Livingston missed a little running jumper or whatever but i like that shot, he gets really deep into 

the heart of the D, he should do that more often he will start making them sooner or later

and nice aggresiveness taking it to the hoop too he should keep on doing that as well

GO CLIPS


----------



## Weasel (Oct 18, 2003)

Mbenga fouls Brand, non-shooting.

Offensive foul on Rebraca.

3 seconds on the Mavs.

Ross misses a jumper in and out.

Refs call a bogus call on Livingston. The ref called it only ater Dirk misses.

Dirk makes both FT'.s


----------



## Weasel (Oct 18, 2003)

Brand gets fouled on the shot.

Timeout taken, Clippers down 2.


----------



## Weasel (Oct 18, 2003)

Brand makes 1 out of 2 FT.

Terry makes a jumper.

Cassell gets fouled.

Cassell misses both FT's.??!!

Ross fouls Dampier.


----------



## Weasel (Oct 18, 2003)

Damp makes 1 out of 2 FT's.

Rebraca posts up and gets fouled on the jumper.

Rebraca makes both FT's.

Daniels hits a jumper.

Brand travels.

Dirk drives and scores.

What an awful quarter.


----------



## Weasel (Oct 18, 2003)

Brand misses a jumper.

Dirk hits a jumper.

Brand gets fouled on the shot.

Still no FG in the quarter.


----------



## clips_r_teh_wieners (Nov 4, 2005)

damn we suck

i dont think we want to face the mavs in the 1st round, cuz this is terrible


----------



## Weasel (Oct 18, 2003)

Brand makes both FT's.

Dirk misses a 3.

Mobley turns it over.

Daniels hits a jumper.

Livingston misses the layup.

Livingston fouls Stack.

stack makes both Ft's.

Kaman gets fouled on the jumper.


----------



## Weasel (Oct 18, 2003)

Cassell will not return as he is sick.

Kaman makes both FT's.

Dirk gets fouled and makes both FT's.

Brand drives, scores, and gets fouled.


----------



## Weasel (Oct 18, 2003)

Brand makes the FT.

Mavs take a timeout.

Clippers down, 40-47.


----------



## Weasel (Oct 18, 2003)

Daniels hits a lucky 3.

Half:

Clippers 40
Mavs 50

Just sad, a sad sad quarter.


----------



## Weasel (Oct 18, 2003)

Kaman works hard and gets the hook shot to go in.
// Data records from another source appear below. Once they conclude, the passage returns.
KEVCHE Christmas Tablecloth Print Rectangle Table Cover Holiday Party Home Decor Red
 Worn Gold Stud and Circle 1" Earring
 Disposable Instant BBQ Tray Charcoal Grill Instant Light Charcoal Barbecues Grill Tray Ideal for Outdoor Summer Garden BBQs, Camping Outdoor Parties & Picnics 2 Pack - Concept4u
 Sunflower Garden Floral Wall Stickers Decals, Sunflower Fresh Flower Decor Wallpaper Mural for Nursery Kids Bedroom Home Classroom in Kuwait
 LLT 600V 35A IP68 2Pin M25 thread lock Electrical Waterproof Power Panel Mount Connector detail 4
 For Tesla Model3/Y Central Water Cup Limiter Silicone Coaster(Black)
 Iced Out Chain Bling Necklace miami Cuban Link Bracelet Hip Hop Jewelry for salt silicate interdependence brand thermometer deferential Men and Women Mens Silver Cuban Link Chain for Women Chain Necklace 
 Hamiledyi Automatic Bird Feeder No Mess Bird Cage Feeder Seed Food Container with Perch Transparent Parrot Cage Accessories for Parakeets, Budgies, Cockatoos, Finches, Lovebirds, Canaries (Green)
Kaman fouls Dirk on the shot.

Dirk makes both FT's.

Livingston misses a bad shot.

Stack to Diop for the easy jam.

Brand misses, Kaman with a loose ball foul.


----------



## Weasel (Oct 18, 2003)

Dirk misses a jumper.

Mobley hits a long 2.

Dirk hits a jumper.

Mobley misses.

However Ross takes a good charge when it was 3-1.

Diop blocks Kaman.

Howard misses in and out.


----------



## Weasel (Oct 18, 2003)

Ross throws it away.

Ross fouls Howard, non-shooting.

Offensive foul on Terry.

Mobley misses a 3.

Stack misses a 3.

Livingston hits a jumper.


----------



## Weasel (Oct 18, 2003)

Dirk throws it away.

Why isn't Radman playing???

Brand misses a bad shot.

Brand makes it up with a nice block.

Brand gets the pass from Livingston and gets fouled on the shot.

Brand makes 1 out of 2.

Terry misses a 3.

Livingston has to miss a bail out jumper.

Dirk misses twice.


----------



## Weasel (Oct 18, 2003)

Livingston misses a jumper.

Timeout taken by the Mavs.

Clippers down by 9.

Looks liks this game is over already the way the Clippers are playing.


----------



## Weasel (Oct 18, 2003)

Dampier gets fouled.

Dampier makes 1 out of 2.

Livingston misses the layup but Kaman gets it and scores.

MObley steals it,

Brand air balls it.


----------



## Weasel (Oct 18, 2003)

Howard hits a jumper.

Mobley misses a 3.

Daniels scores on the layup.

Daniels fouls Brand, non-shooting.

Clippers down 12.


----------



## Weasel (Oct 18, 2003)

Mobley banks in a very nice shot.

Dirk misses a jumper.

Livingston air balls an open jumper.

Dampier misses an open dunk, hahah

Kaman gets it, gives it to Ewing who gives it back to him and Kaman will shoot 2 on the foul.


----------



## Weasel (Oct 18, 2003)

Kaman makes both FT"s.

Ewing steals it.

Bad call.

Howar misses a 3.

3 seconds on Rebraca.

Rebraca blocks and Livingston gets blocked.


----------



## Weasel (Oct 18, 2003)

End of 3rd:

Clippers 53
Mavs 61

53 points through 3 quarter, says it all. The Clippers though were quick forunate that the Mavs sucked as well in the quarter or this could have been easily a 20 point deficit.


----------



## Weasel (Oct 18, 2003)

Stackhouse misses a 3.

Mobley gets fouled on the drive, non-shooting.

Mobley turns it over.

Dirk travels.

Kaman hits a jumper.

Could this possible by the worst game of the NBA this year?


----------



## Weasel (Oct 18, 2003)

Dirk misses a jumper.

Singleton misses a jumper but stops the break by tipping it out.

Mobley steals it.

Mobley drives and misses.


----------



## Weasel (Oct 18, 2003)

Daniels drives and scores.

MObley misses a 3 but Livingston gets it.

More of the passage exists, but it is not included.